**ACTIVITY**
Copy exactly the lines of the records below, starting at the line that contains "Рассмотреть Tesla Model" and continuing through the last line, both included; omit any pictures.

- - -

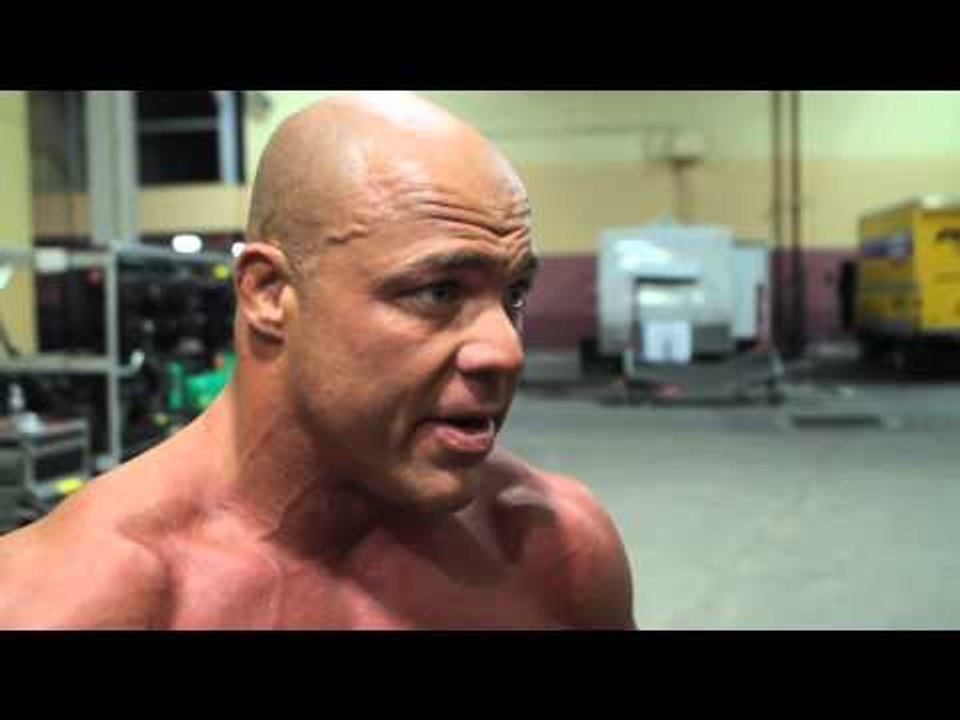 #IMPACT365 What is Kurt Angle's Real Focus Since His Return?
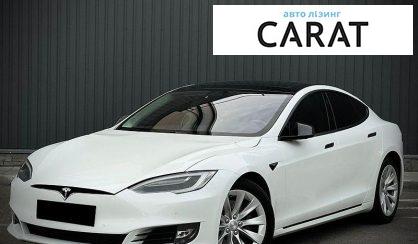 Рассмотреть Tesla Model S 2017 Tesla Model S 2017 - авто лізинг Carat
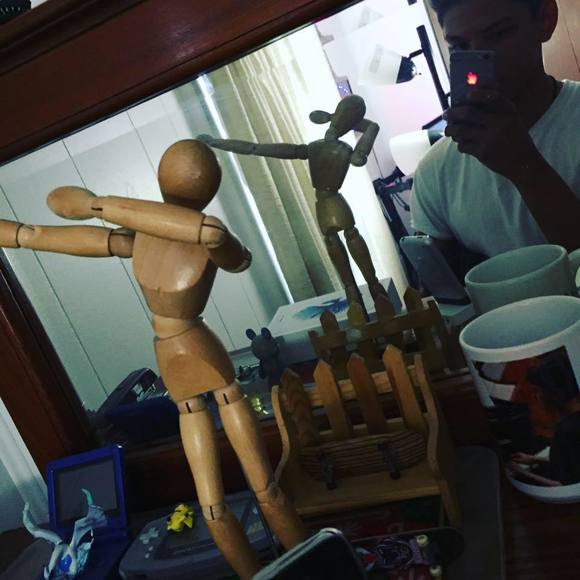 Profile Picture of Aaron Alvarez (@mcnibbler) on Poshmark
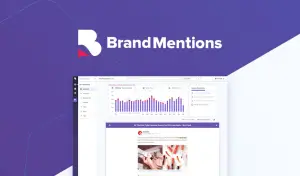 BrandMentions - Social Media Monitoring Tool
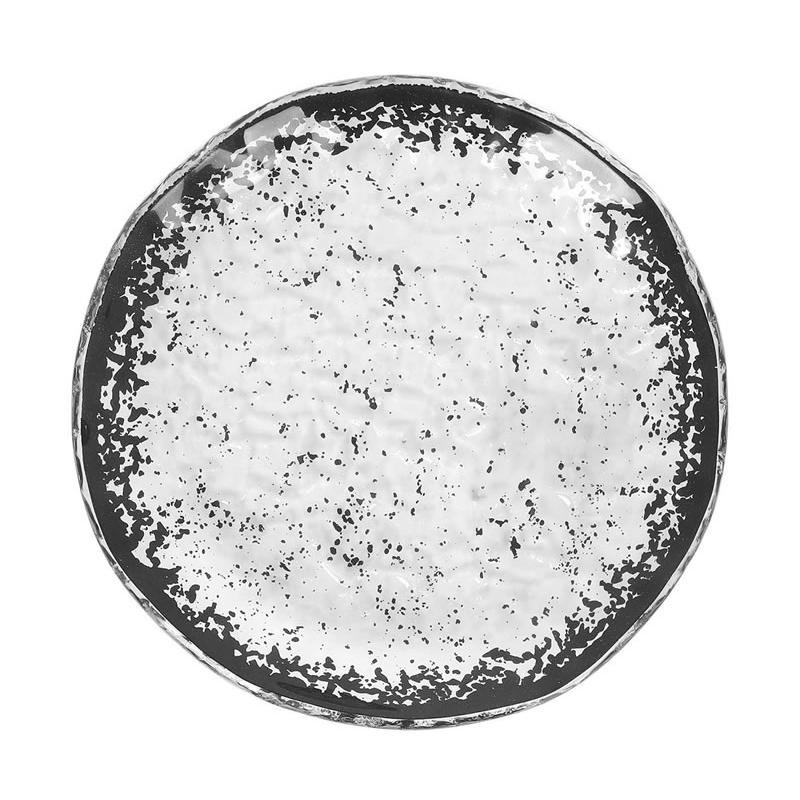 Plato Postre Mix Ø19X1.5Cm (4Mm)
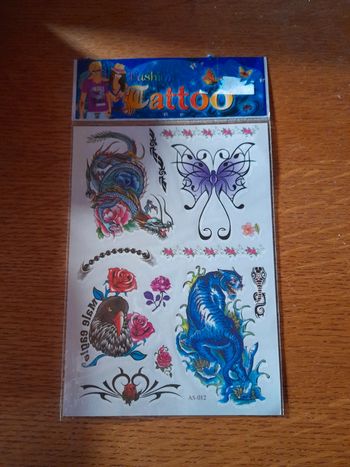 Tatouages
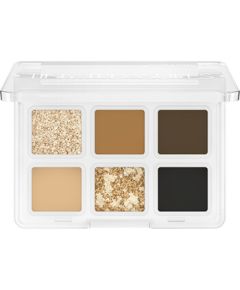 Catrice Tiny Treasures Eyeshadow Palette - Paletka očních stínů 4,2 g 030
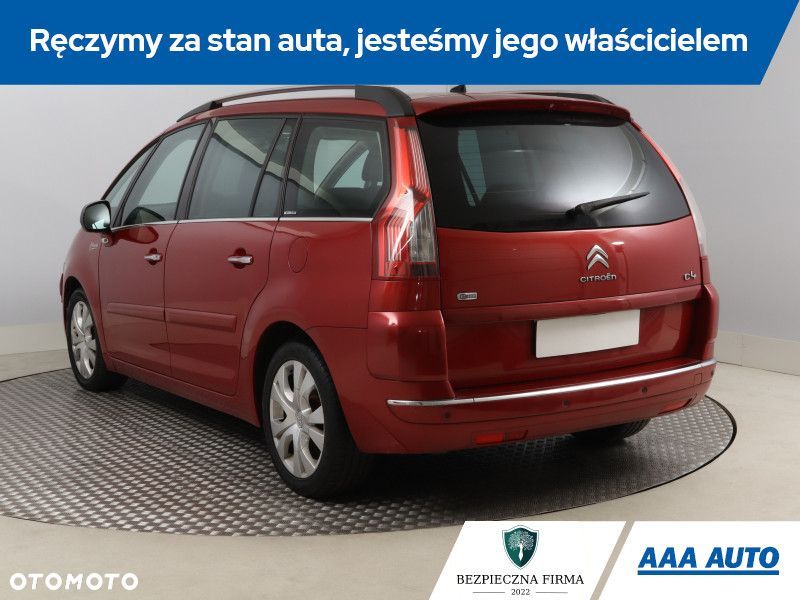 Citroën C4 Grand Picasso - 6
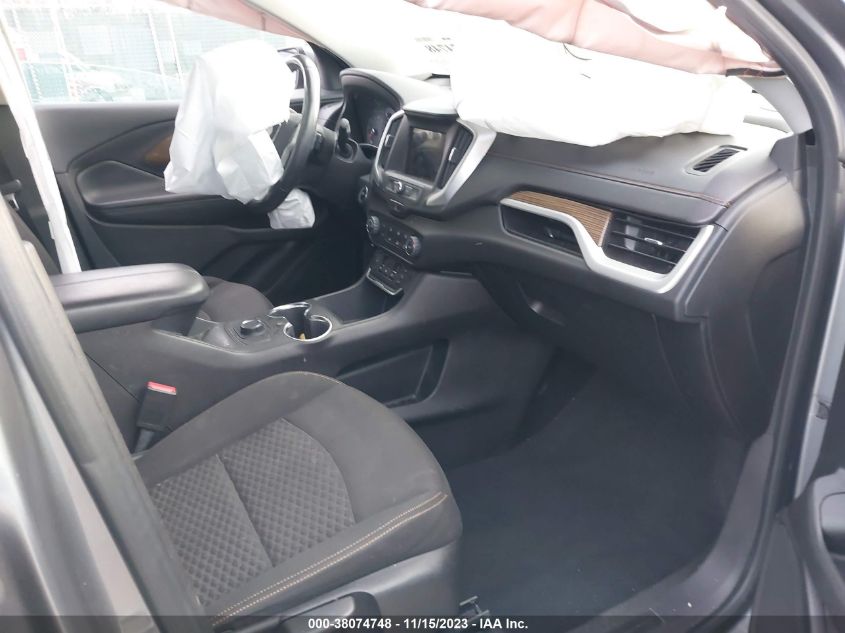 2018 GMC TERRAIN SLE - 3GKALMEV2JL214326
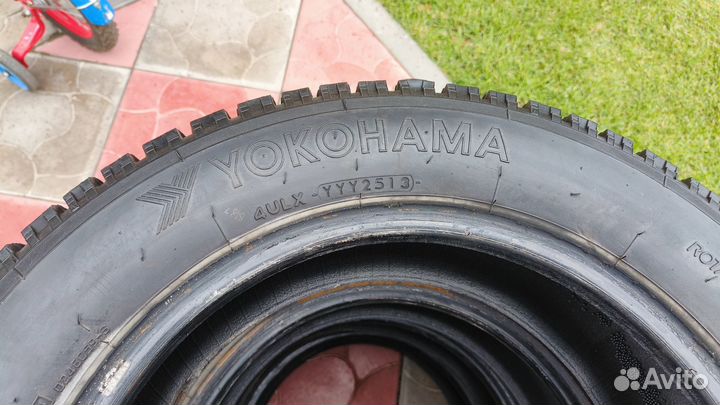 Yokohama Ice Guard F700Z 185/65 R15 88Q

- - -

**THE COMPLETED TASK**
 Рассмотреть Tesla Model S 2017 Tesla Model S 2017 - авто лізинг Carat
 Profile Picture of Aaron Alvarez (@mcnibbler) on Poshmark
 BrandMentions - Social Media Monitoring Tool
 Plato Postre Mix Ø19X1.5Cm (4Mm)
 Tatouages
 Catrice Tiny Treasures Eyeshadow Palette - Paletka očních stínů 4,2 g 030
 Citroën C4 Grand Picasso - 6
 2018 GMC TERRAIN SLE - 3GKALMEV2JL214326
 Yokohama Ice Guard F700Z 185/65 R15 88Q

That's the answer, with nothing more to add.